クレーム対応の電話の仕方2:担当者が不在の場合
担当者が不在だった場合はどうすればいいでしょうか。「私、○○が責任を持って、お話をうかがいます」
など、自分は責任者でも担当者でもないけれど、
「この件は、責任を持って担当者に伝えます」
と言うだけで、お客様に安心感を与えられます。
「ただ今、あいにく担当者が外出しておりますので、大至急連絡を取り、折り返しお客様へご連絡をさせていただきたいと思いますが、よろしいでしょうか?」
お客様の意向を聞いた上で、即座に担当者に連絡を入れます。
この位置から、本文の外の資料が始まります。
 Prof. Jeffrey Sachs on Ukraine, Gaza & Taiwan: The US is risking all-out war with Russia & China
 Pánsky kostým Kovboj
お客様がいきなり話しはじめたらいったん話を聞き、聞き終わってから
「責任を持って、担当者に伝えます」
と伝えます。担当者でないとわからない点は
「それ以上のことは、私ではわかりかねますので、○○から返事をいたします」
と、次のアクションを伝えことが大事です。クレーム内容は担当者に正確に伝えましょう。自分の感想などを交えず、言ったままを伝えることが大切です。後で担当者がもう一度同じことを聞いてしまうと、「前に言っただろう」「また同じことを話させるのか」と怒りも倍増します。担当者ではなく「責任者出せ!」という2次クレーム発生の元になります。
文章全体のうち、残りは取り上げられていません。